=== PROVIDED RECORDS ===

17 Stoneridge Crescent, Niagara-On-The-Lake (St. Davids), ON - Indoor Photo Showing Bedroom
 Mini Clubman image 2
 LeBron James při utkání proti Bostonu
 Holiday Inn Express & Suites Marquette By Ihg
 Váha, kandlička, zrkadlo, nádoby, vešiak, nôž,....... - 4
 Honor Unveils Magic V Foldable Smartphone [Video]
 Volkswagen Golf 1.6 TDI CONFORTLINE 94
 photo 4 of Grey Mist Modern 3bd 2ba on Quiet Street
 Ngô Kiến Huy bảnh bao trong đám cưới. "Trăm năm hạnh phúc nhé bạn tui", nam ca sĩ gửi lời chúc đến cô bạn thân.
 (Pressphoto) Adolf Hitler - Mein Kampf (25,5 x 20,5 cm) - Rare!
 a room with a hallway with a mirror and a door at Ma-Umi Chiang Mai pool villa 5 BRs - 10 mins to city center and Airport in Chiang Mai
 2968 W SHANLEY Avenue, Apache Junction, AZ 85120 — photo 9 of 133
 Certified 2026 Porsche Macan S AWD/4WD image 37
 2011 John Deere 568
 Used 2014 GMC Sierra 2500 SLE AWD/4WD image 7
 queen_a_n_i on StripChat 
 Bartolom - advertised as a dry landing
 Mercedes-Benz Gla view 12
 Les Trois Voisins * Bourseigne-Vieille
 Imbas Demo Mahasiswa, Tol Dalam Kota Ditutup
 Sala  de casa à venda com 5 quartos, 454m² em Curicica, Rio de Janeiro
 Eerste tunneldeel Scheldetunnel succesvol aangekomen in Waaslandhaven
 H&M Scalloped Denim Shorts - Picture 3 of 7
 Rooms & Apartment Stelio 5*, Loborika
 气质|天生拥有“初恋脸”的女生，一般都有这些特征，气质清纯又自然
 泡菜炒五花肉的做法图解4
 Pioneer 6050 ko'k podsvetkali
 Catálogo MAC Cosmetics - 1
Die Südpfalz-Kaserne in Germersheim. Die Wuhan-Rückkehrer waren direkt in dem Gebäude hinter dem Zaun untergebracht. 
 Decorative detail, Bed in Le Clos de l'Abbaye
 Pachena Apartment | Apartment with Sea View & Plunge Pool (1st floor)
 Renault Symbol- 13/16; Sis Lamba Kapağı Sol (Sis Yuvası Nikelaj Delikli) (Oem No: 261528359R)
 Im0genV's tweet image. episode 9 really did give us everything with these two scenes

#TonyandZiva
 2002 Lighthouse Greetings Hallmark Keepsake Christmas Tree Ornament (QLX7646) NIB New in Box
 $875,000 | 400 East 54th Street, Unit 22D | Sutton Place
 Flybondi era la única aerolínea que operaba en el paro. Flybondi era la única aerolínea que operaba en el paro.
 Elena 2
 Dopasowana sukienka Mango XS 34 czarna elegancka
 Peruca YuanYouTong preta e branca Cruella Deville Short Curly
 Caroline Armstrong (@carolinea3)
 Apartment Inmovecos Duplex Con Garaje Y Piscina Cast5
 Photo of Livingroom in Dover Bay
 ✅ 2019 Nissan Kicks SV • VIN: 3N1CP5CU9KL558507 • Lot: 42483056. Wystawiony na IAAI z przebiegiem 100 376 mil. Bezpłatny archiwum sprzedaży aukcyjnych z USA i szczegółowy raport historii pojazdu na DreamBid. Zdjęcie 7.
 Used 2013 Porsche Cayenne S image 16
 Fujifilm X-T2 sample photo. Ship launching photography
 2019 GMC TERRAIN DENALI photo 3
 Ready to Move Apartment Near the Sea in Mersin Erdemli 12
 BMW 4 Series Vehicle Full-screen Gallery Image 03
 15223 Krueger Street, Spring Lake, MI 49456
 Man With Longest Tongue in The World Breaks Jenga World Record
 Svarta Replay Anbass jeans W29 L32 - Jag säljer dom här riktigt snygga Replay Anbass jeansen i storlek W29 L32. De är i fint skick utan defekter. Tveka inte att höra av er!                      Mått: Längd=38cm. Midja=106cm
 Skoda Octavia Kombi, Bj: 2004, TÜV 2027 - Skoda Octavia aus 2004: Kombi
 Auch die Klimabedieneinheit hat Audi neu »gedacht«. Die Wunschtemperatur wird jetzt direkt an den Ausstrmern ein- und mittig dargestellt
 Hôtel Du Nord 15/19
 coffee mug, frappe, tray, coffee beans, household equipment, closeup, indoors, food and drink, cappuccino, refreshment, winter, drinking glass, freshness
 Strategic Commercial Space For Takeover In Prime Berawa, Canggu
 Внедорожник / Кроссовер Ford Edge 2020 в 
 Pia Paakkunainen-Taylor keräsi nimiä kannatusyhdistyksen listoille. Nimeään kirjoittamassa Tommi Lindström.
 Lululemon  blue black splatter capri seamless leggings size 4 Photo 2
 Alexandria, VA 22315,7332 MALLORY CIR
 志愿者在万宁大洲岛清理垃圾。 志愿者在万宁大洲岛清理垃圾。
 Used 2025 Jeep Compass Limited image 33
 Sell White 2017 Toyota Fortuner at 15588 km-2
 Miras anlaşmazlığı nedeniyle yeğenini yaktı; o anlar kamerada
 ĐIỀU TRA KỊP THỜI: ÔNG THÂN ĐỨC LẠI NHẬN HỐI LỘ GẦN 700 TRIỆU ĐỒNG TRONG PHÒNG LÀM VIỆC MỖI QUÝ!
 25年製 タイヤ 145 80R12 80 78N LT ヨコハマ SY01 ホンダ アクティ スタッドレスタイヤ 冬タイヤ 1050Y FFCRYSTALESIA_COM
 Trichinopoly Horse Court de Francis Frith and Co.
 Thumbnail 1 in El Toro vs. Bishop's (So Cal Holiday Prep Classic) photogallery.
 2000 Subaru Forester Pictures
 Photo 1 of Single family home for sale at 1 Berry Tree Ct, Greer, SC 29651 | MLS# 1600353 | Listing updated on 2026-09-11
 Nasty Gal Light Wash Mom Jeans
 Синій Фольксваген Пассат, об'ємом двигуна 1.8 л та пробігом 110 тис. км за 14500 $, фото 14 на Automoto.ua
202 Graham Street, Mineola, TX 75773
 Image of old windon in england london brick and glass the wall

===

When a line in the material above includes "Apartment", report that line by copying it.

--- OUTPUT OF THE TASK ---
 Rooms & Apartment Stelio 5*, Loborika
 Pachena Apartment | Apartment with Sea View & Plunge Pool (1st floor)
 Apartment Inmovecos Duplex Con Garaje Y Piscina Cast5
 Ready to Move Apartment Near the Sea in Mersin Erdemli 12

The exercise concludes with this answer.